Apse mosaic of the Transfiguration, 565–66, Mosaic, Saint Catherine's Monastery, Sinai, LatitudeStock / Alamy Stock Photo

Eric Gill

Surrexit Alleluia, 1930, Wood engraving, 125 x 75 mm, Donohue Rare Book Room, Gleeson Library / Geschke Center, University of San Francisco

Albrecht Dürer

Christ in Emmaus, from The Small Passion, c.1510, Woodcut, 127 x 98 mm, The Metropolitan Museum of Art, New York; Gift of Junius Spencer Morgan, 1919, 19.73.202, www.metmuseum.org

Witnessing the Glory

Comparative Commentary by
Read by Lydia Ayoade

…full of grace and truth…

Although no artist can, like God, make word into flesh, these scenes of glory extend and clarify themselves with lettering in the pictorial design. The words or lettering are unabashedly large and legible in all three compositions.

The Sinai mosaic names all the figures except Christ, and underlines the composition with a bordering inscription identifying the Old Testament precursors whom it depicts.

Albrecht Dürer emblazons his monogram, AD, on the end of a bench in his Emmaus scene as a sign that the print and its multiples were his creation.

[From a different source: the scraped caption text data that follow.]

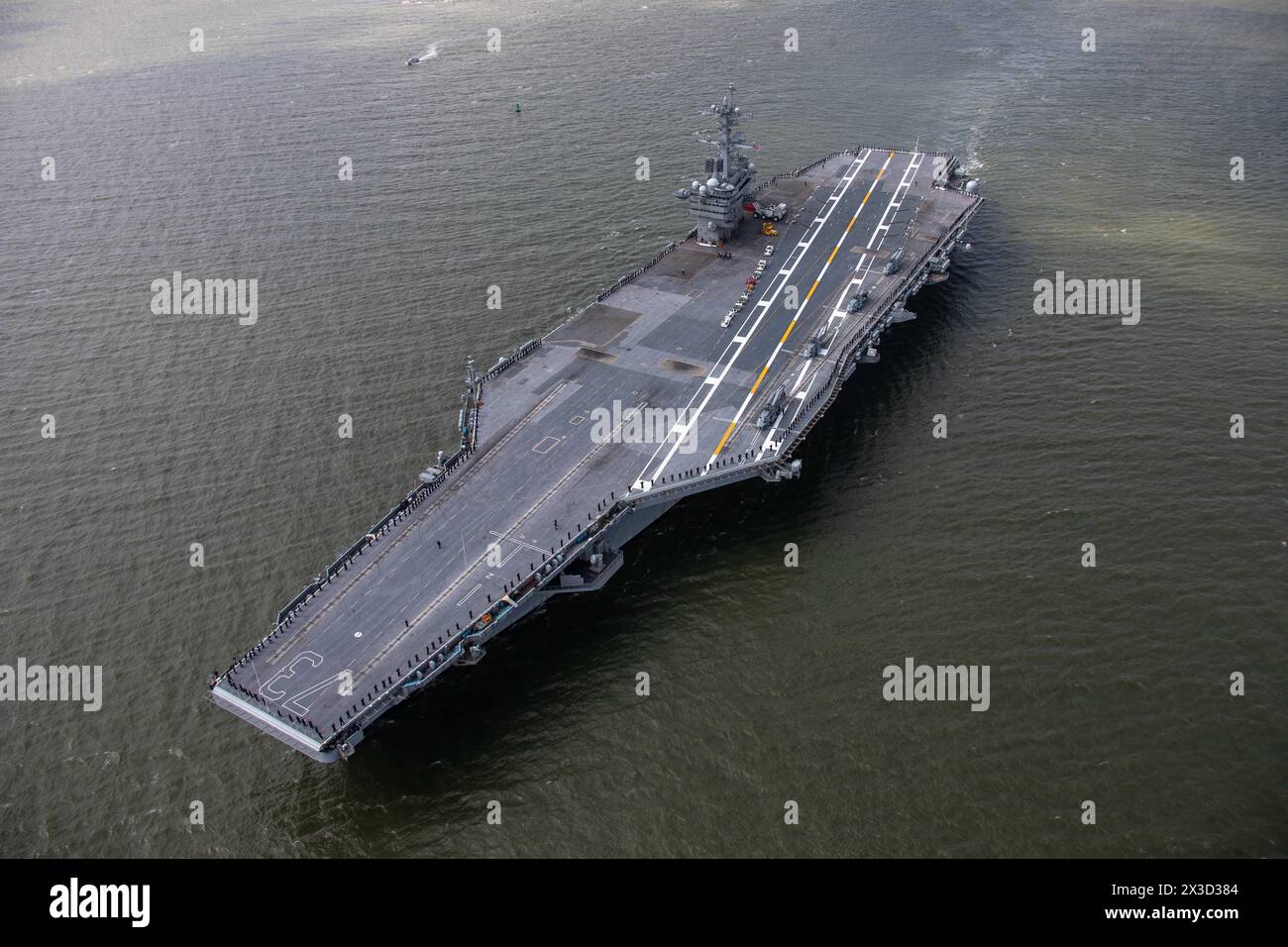 NORFOLK, Va. (April 25, 2024) The Nimitz-class aircraft carrier USS George Washington (CVN 73) departs Naval Station Norfolk, April 25, 2024, for a de Stock Photo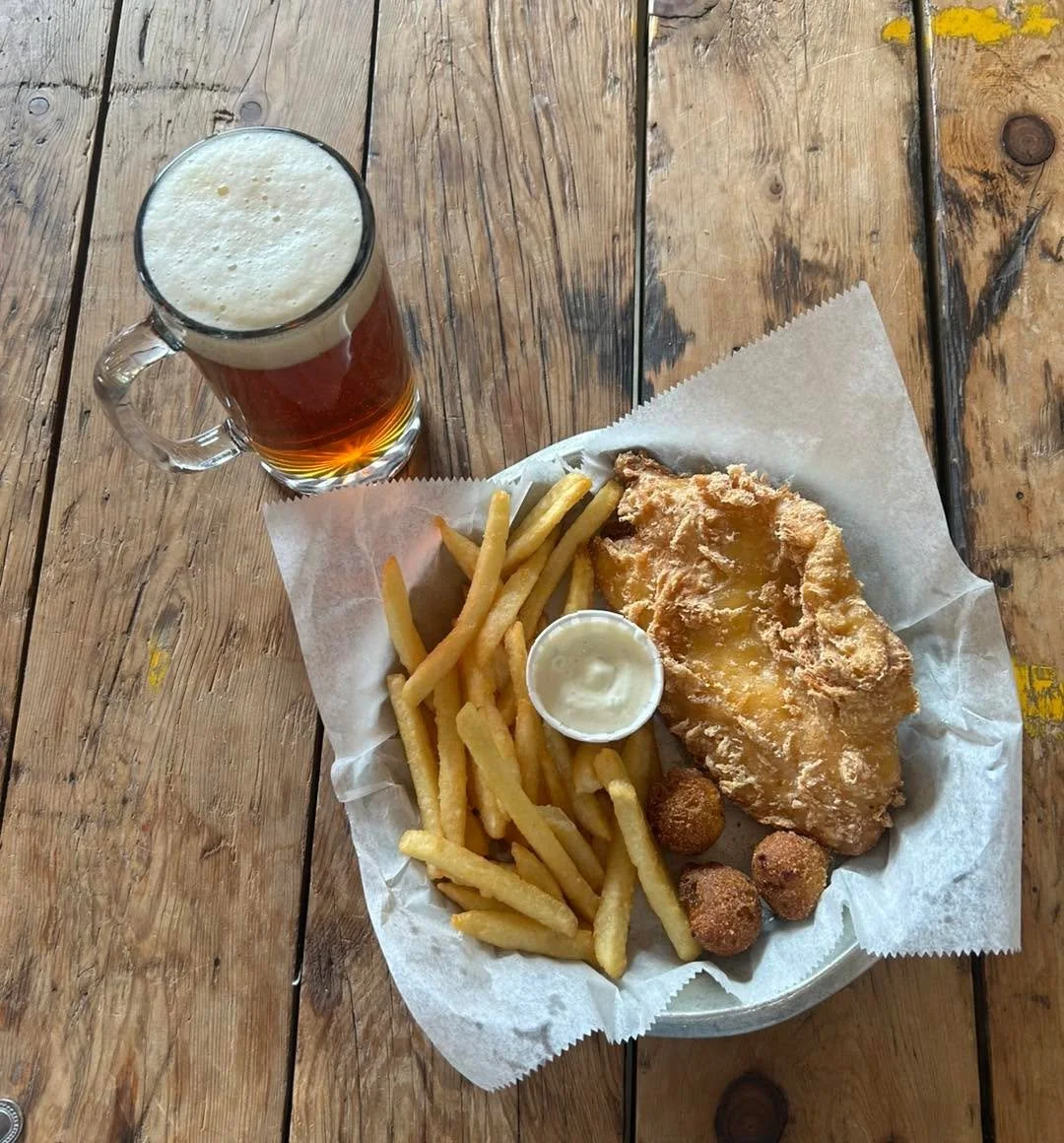 It&rsquo;s Fish Fry Friday yall!

Beer battered fish and chips served with hush puppies and tartar sauce, available every Friday!  Pairs well with beer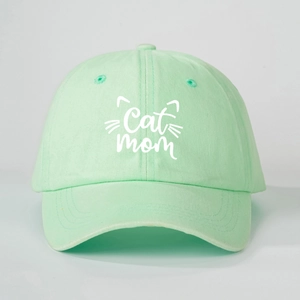Close-up of Cat Mom embroidery and cat ears design on mint green cotton baseball cap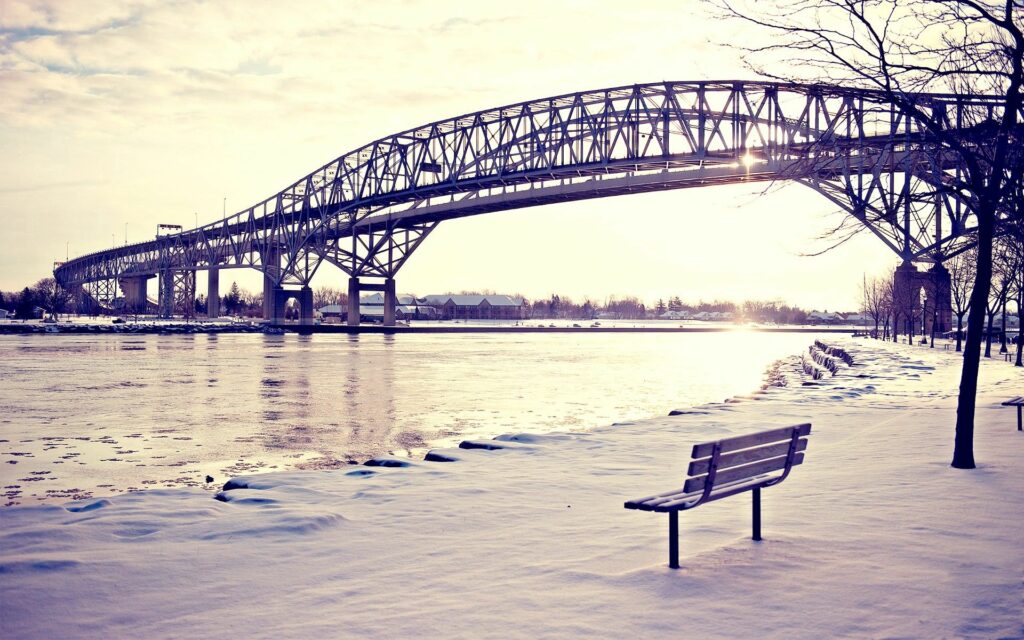 Serene Winter Scene: Snowy Bench & Bridge at Sunset Wallpaper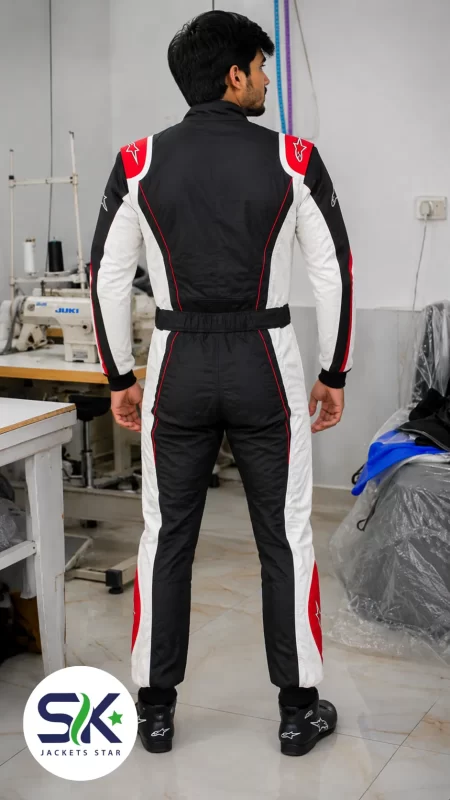 Rear view of model wearing black white and red Cordura go-kart racing suit inside Sialkot manufacturing factory.
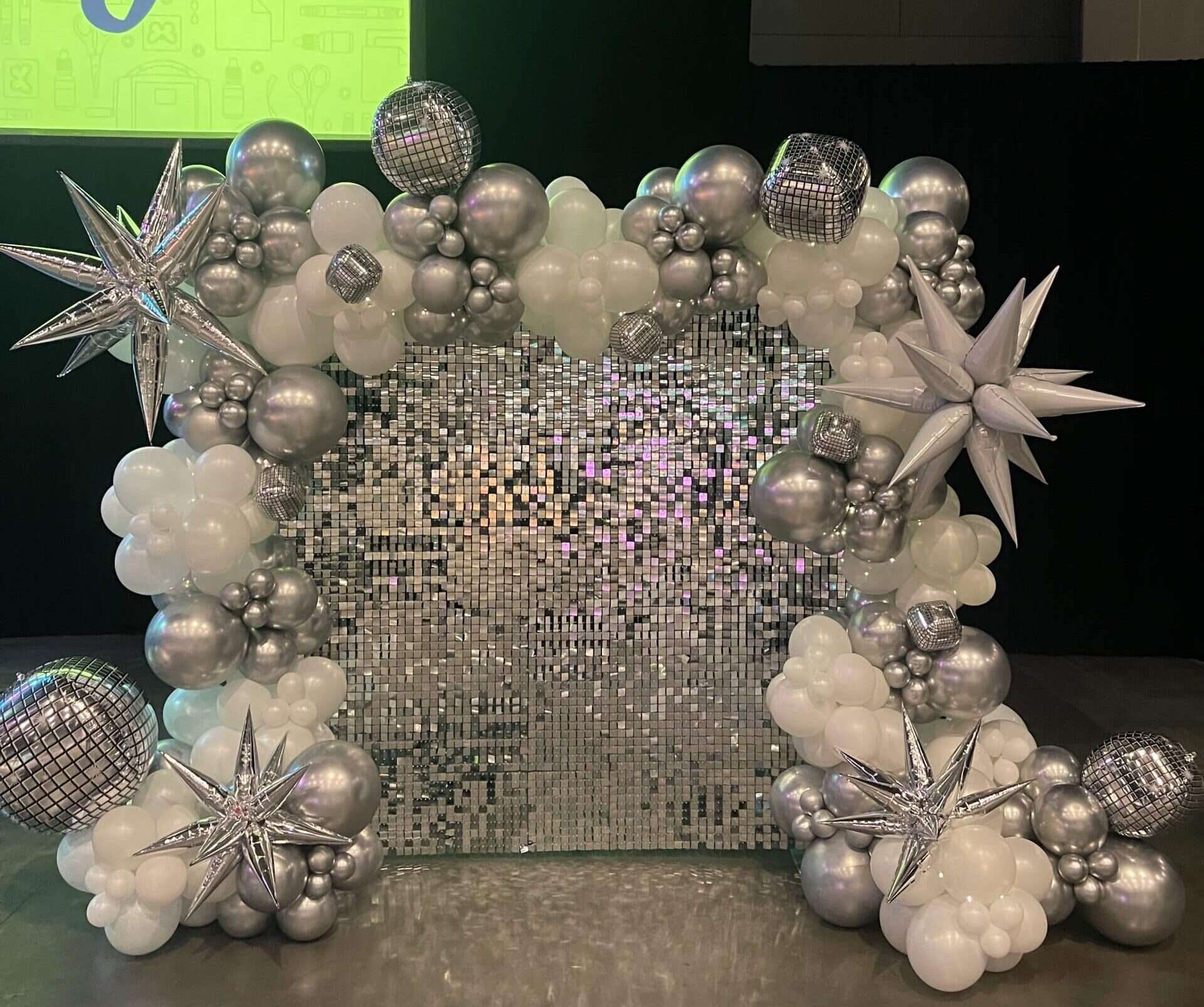 silver shimmer wall with balloon garland
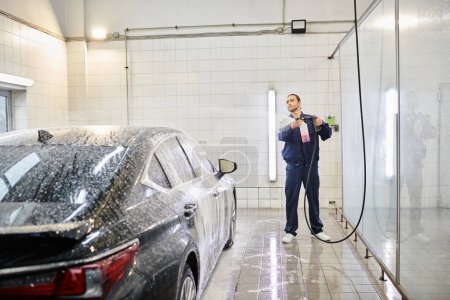 schöner professioneller Arbeiter in blauer Uniform, der Seife benutzt, um sein schwarzes modernes Auto in der Garage zu waschen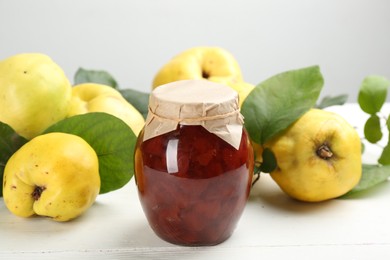 Photo of Delicious quince jam and fruits on white wooden table, closeup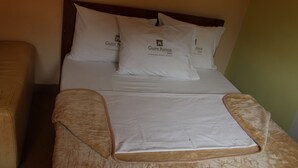 Una habitación de hotel con cama, almohadas y manta.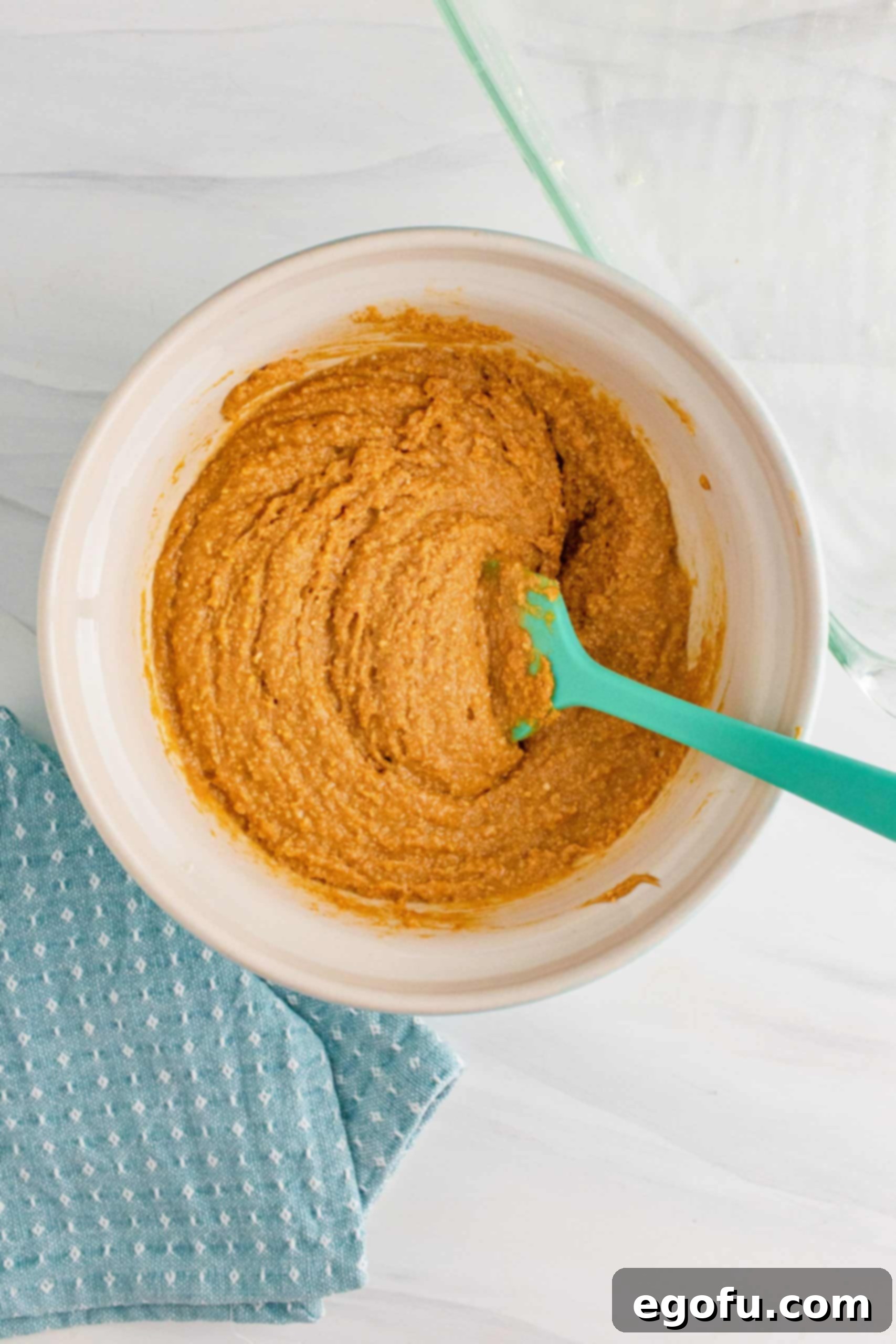 Grandma's No-Bake Peanut Butter Dream Bars 8 Peanut butter mixture being stirred in a bowl with an aqua-colored spatula, showing its creamy, combined texture.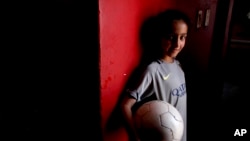 Candelaria Cabrera, 7, poses for a portrait holding a soccer ball in Chabas, Argentina, Sept. 8, 2018. She was 3 years old when her parents gave her her first ball. Her desire to play soccer has called attention to the obstacles women face in the sport in Argentina.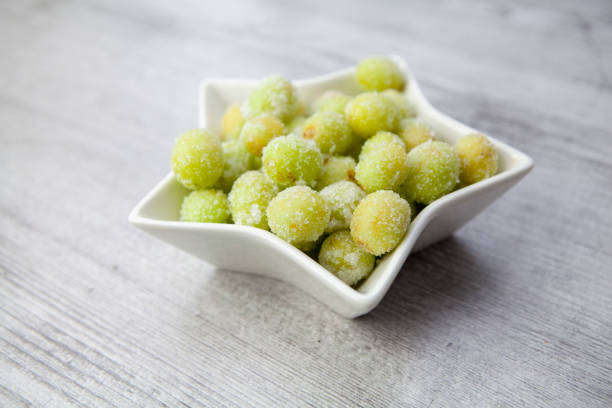 istock Sour candy grapes in star shaped bowl on wood surface 1281018089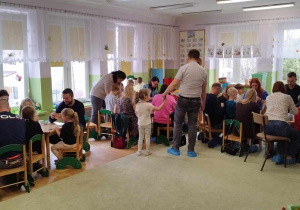 Rodzice i dzieci wykonują dekoracje wielkanocne.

Eric Gill’s Christ lifts his arms above a line of inscription that, had it been a solid shape, would have been the transverse bar of a cross, but is instead the word SUR-REXIT—Latin for HE IS RISEN—as a heavenly message interrupted by his triumphant body. From the ground below, rising above the lush plants that hide the feet of Eve and Adam is the earth’s response: ALLELUIA.

Subtle reversals glorify these scenes. The positive peak inside Dürer’s suddenly sacramental drinking glass rises from a deep depression, while the concave Sinai apse de-materializes a mountain peak, and Gill’s Christ, no longer nailed to a tree of death, raises his hands in blessing.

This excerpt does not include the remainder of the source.